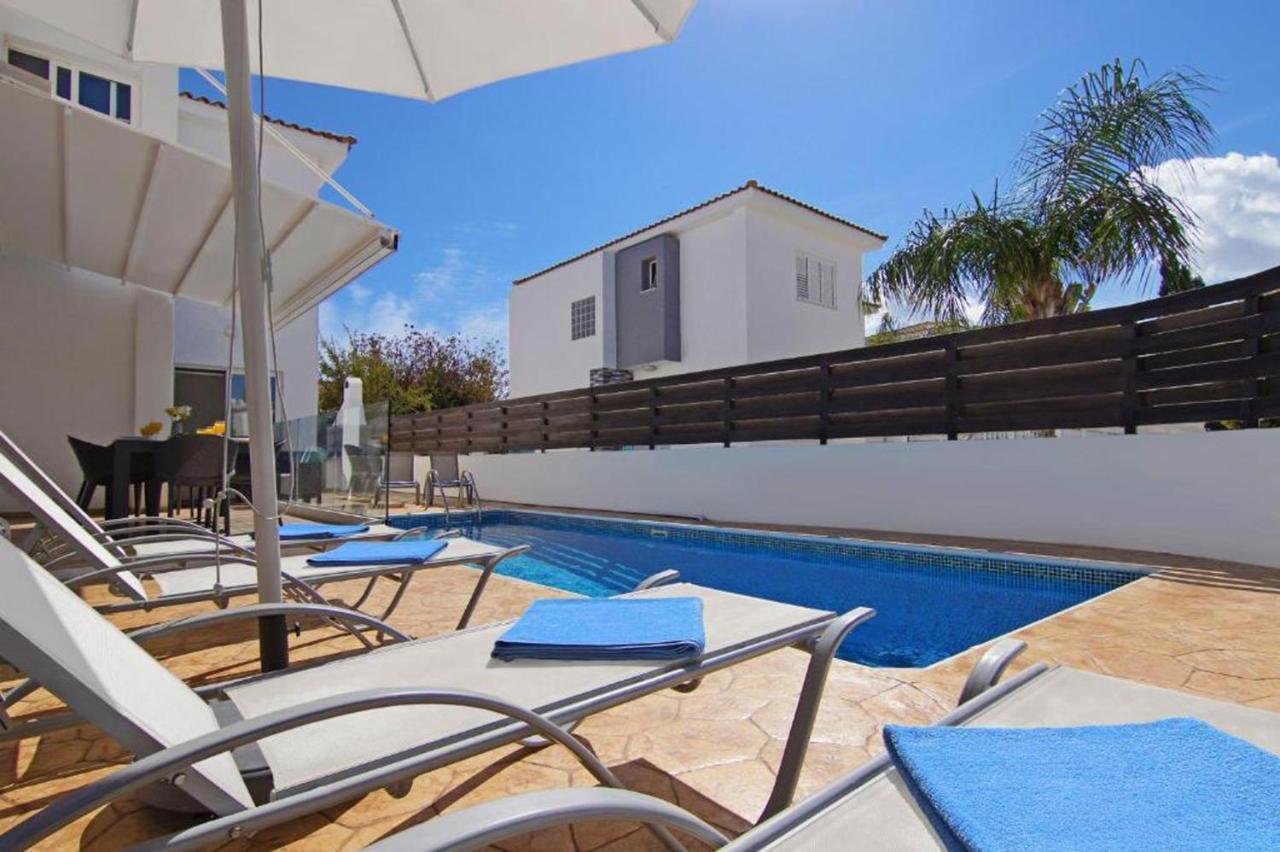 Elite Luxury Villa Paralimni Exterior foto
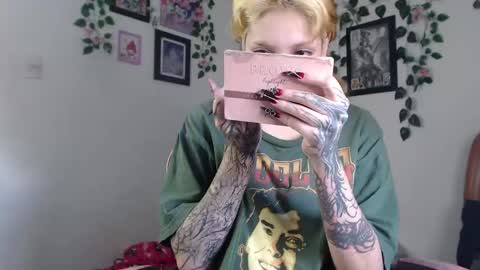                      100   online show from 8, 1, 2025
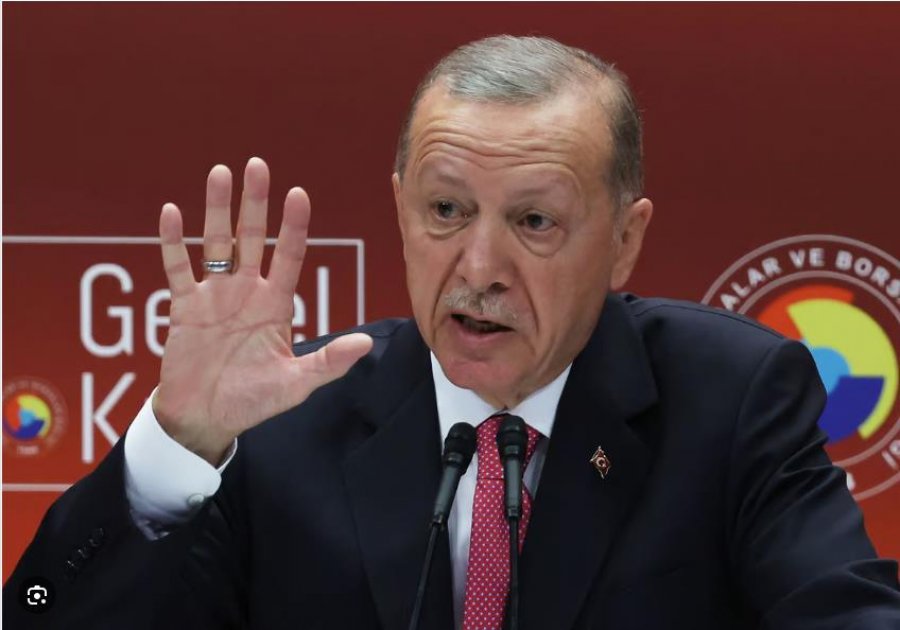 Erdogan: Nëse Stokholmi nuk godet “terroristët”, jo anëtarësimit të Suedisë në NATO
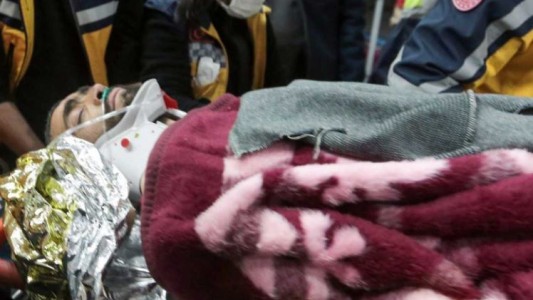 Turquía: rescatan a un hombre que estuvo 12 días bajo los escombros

### Exercise details
Write out the data precisely as given, excluding the pictures.

### Output of the task
 Elite Luxury Villa Paralimni Exterior foto
                      100   online show from 8, 1, 2025
 Erdogan: Nëse Stokholmi nuk godet “terroristët”, jo anëtarësimit të Suedisë në NATO
 Turquía: rescatan a un hombre que estuvo 12 días bajo los escombros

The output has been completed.